But while prices and recipes for asparagus, dates and restrictions for re-opening bars or restaurants and for rescuing major league soccer dominated the media and many conversations, a far more significant matter found little attention. Ever since 1955 an estimated twenty American nuclear bombs have been stored underground at the US Air Force base in Büchel in Rhineland. Just a short sprint away the German Luftwaffe’s Tornado aircraft sit ready and waiting to transport and fire those bombs. There is no secret as to where and whom they are aimed at. What a jolly symbol of NATO cooperation!

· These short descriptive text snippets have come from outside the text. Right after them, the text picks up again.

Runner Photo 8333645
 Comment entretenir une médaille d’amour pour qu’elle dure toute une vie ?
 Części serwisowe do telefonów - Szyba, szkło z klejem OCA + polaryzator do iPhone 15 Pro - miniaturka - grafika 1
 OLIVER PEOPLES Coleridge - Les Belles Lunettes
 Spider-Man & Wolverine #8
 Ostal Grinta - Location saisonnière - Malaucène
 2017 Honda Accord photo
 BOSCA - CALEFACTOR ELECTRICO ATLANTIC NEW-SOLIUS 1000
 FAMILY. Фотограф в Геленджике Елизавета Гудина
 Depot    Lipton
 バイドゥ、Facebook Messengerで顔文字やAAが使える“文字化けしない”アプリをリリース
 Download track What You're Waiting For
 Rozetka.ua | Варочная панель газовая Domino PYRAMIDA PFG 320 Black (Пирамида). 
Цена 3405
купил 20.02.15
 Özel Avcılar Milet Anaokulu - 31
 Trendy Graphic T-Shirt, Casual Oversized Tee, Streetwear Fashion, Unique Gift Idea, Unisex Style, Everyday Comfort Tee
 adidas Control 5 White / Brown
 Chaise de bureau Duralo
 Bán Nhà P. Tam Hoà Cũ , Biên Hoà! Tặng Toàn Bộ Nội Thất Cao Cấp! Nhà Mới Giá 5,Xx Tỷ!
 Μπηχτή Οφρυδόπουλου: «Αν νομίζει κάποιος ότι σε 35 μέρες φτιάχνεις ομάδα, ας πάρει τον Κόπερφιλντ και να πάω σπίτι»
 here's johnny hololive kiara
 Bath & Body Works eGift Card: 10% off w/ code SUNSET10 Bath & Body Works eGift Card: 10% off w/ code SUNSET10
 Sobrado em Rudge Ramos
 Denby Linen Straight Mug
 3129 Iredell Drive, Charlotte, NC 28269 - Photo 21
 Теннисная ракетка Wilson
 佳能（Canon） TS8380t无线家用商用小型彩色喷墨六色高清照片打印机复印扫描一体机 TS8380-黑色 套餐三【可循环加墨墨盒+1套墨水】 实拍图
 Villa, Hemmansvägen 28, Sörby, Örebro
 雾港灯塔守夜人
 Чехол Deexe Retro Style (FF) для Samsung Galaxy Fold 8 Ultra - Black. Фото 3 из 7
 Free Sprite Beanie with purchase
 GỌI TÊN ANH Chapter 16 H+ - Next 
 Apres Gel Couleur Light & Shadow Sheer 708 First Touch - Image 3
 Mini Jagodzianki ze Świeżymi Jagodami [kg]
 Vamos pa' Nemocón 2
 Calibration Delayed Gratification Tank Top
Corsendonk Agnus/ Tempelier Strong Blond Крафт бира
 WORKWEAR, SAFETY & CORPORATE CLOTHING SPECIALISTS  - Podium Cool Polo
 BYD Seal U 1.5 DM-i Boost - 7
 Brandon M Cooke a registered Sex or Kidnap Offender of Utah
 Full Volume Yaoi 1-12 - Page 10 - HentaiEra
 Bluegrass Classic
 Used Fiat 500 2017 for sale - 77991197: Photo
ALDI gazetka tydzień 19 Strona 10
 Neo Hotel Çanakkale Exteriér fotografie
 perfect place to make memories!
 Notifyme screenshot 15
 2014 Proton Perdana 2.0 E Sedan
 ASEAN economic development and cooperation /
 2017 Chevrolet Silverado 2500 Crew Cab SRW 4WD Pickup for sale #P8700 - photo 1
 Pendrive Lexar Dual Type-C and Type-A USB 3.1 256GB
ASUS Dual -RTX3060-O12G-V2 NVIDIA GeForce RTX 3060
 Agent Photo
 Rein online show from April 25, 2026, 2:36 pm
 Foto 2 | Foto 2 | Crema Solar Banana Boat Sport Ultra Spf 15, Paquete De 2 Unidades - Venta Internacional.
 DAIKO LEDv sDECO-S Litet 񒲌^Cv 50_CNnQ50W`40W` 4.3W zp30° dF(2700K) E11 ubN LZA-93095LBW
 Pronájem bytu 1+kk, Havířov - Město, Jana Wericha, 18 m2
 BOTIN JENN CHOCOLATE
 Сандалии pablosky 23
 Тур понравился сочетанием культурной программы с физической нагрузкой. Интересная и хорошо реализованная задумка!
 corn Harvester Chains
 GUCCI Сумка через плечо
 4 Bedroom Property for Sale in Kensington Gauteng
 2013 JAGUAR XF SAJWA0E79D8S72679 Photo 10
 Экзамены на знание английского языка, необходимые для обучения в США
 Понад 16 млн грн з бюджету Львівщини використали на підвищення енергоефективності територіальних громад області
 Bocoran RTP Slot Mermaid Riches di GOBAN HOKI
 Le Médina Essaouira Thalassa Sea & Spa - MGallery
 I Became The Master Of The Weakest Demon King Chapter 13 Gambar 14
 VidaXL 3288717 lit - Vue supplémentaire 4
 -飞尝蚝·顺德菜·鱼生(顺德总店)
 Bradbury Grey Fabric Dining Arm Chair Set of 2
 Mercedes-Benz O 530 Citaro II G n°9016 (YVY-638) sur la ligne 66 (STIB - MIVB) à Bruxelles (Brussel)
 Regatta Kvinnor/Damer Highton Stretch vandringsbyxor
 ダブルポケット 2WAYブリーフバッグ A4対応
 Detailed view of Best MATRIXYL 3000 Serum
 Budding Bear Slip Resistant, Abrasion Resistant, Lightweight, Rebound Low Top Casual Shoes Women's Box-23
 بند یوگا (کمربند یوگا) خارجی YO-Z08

Until now, despite inspired, moving rhetoric by top politicians about world peace and solidarity, the presence of those US bombs, viewed by many as a violation of basic German law, is commonly met either with silence or mumbled explanations and excuses. All political parties tend to stare into their laps or out the window when questioned about this – except for one single party in the Bundestag which demands that they be removed – and banned! That is DIE LINKE (Left)! But who listens to them – or reports on their statements?
Then, in late April, Defense Minister Anneliese Kamp-Karrenbauer (AKK) sent an E-mail to her USA colleague Mark Esper. She wanted to replace Germany’s poor, aging old Tornado bombers with thirty more modern, efficient killers, Boeing’s F18 Super Hornets and fifteen of its Growler-type F18 jets, which pierce deep into the ground. Since each plane costs over $70,000,000, that amount, multiplied by 45, would certainly be a welcome contribution to Boeing’s sagging accounts.
But halt, Boeing beneficiaries! Don’t count chickens – or Hornets – before they hatch! Frau AKK made a silly mistake. She was sure of support from the leaders of her own “Christian” party, who routinely support anything with fire power. She also felt certain of approval by the two Social Democratic (SPD) leaders of the government’s junior coalition party. Those two, Vice-Chancellor Olaf Scholz and Foreign Minister Heiko Maas, enjoy the closest buddy-buddy relationship with their CDU senior partners. But somehow she totally forgot to consult with either the caucus or another man with a key position in the party, the chair of the Social Democratic caucus in the Bundestag. It suddenly turned out that he, Rolf Mützenich, a representative from Cologne, dares to oppose the purchase of new belligerent warplanes. This neglectful little boo-boo of hers created at least a minor sensation!
The SPD has always gone along with the military policies of the “Christians” (CDU and their Bavarian sister, the CSU). They were solid “Atlanticists”, who happily embraced the big brass in the Pentagon and leading men (or women) in Washington as welcome protectors from an eastern menace – which never existed. As German strength grew, they show a willingness to be a strong auxiliary force in the pursuit of world hegemony, both military and economic, with happy results measured in billions for a few dozen powerful giants. And surely some shiny new gold stars, fancy crosses and other awards for the big brass.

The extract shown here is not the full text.